Training Issues (NaN) When Migrating from PyTorch #2739

oiwn · 2025-01-24T10:15:17Z

First, I want to express appreciation for the Burn framework - it's a great step toward bringing ML capabilities to Rust. I'm working on migrating several small PyTorch models to Rust, but I've encountered some issues with BCE loss calculation and training behavior.

When migrating a simple binary classifier from PyTorch to Burn, I'm seeing significant differences in:

BCE loss calculation
Training behaviour
Final model accuracy (46% with Burn, 92% with pytorch)

The model architecture is identical between frameworks (input->64->32->1 with ReLU/Sigmoid).

Reproducible Example

I've created a minimal example repository: [burn-problems]

Key test cases demonstrate the issues:

BCE Loss Test

# Python/PyTorch
Test Case 1 - Perfect predictions:
Predictions: tensor([1., 0., 1., 0.])
Targets:     tensor([1., 0., 1., 0.])
Loss:        0.00000000

Test Case 2 - Wrong predictions:
Predictions: tensor([0., 1., 0., 1.])
Targets:     tensor([1., 0., 1., 0.])
Loss:        100.00000000

Test Case 3 - Uncertain predictions:
Predictions: tensor([0.5000, 0.5000, 0.5000, 0.5000])
Targets:     tensor([1., 0., 1., 0.])
Loss:        0.69314718

// Rust/Burn
Test Case 1 - Perfect predictions:
Predictions: tensor([1.0000, 0.0000, 1.0000, 0.0000])
Targets:     tensor([1, 0, 1, 0])
Loss:        NaN

Test Case 2 - Wrong predictions:
Predictions: tensor([0.0000, 1.0000, 0.0000, 1.0000])
Targets:     tensor([1, 0, 1, 0])
Loss:        inf

Test Case 3 - Uncertain predictions:
Predictions: tensor([0.5000, 0.5000, 0.5000, 0.5000])
Targets:     tensor([1, 0, 1, 0])
Loss:        0.69314718

Training Results

PyTorch achieves 93.36% accuracy
Burn implementation stops at ~46% accuracy with NaN loss

Model:
DemoClassifierModel {
  input_layer: Linear {d_input: 20, d_output: 64, bias: true, params: 1344}
  hidden_layer1: Linear {d_input: 64, d_output: 32, bias: true, params: 2080}
  output_layer: Linear {d_input: 32, d_output: 1, bias: true, params: 33}
  activation: Relu
  sigmoid: Sigmoid
  params: 3457
}
Total Epochs: 20


| Split | Metric   | Min.     | Epoch    | Max.     | Epoch    |
|-------|----------|----------|----------|----------|----------|
| Train | Accuracy | 46.113   | 1        | 46.113   | 20       |
| Train | Loss     | 0.279    | 10       | NaN      | 20       |
| Valid | Accuracy | 45.766   | 1        | 45.766   | 20       |
| Valid | Loss     | 0.282    | 10       | NaN      | 20       |

Noticed that accuracy is same as zero labels distribution in training set:

Train distribution: total=14690, zeroes=6742 (45.9%), ones=7948 (54.1%)

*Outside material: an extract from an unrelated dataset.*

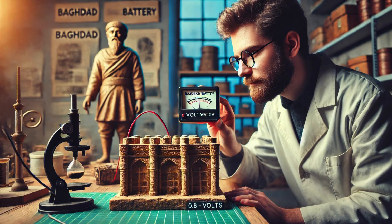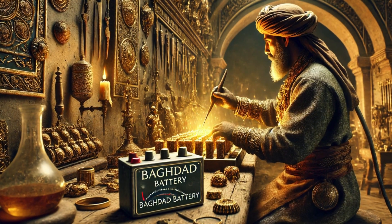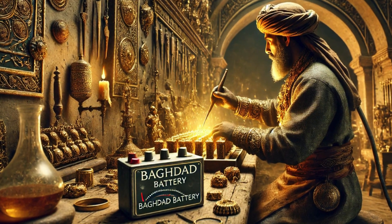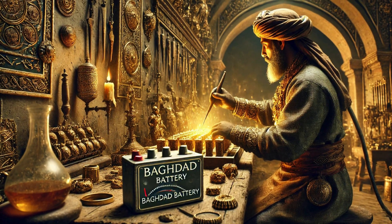Not much by today's standards, but still functional as a power source. One of the strongest theories is that the Baghdad Battery was used for electroplating — a process where an electric current deposits a thin layer of metal onto another surface.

The critical section appears to be in BCE loss calculation:

// Current implementation
let loss = BinaryCrossEntropyLossConfig::new()
    .init(&output.device())
    .forward(output.clone().squeeze(1), targets.clone());

// Alternative attempt
// let loss = BinaryCrossEntropyLossConfig::new()
//     .init(&output.device())
//     .forward(output.clone(), targets.clone().reshape([batch_size, 1]));

Questions

Recommended way to handle tensor shapes for BCE loss in Burn?
Are there any known issues with batch dimension handling that could cause these discrepancies?
Should the loss calculation approach differ from PyTorch's implementation?

The text was updated successfully, but these errors were encountered:

laggui · 2025-01-24T14:49:45Z

Thanks for flagging this!

I believe this is due to the current implementation of the BCE loss for tensor.log() which results in -inf for values of 0.0. We need to clamp the values to make sure we don't have this issue.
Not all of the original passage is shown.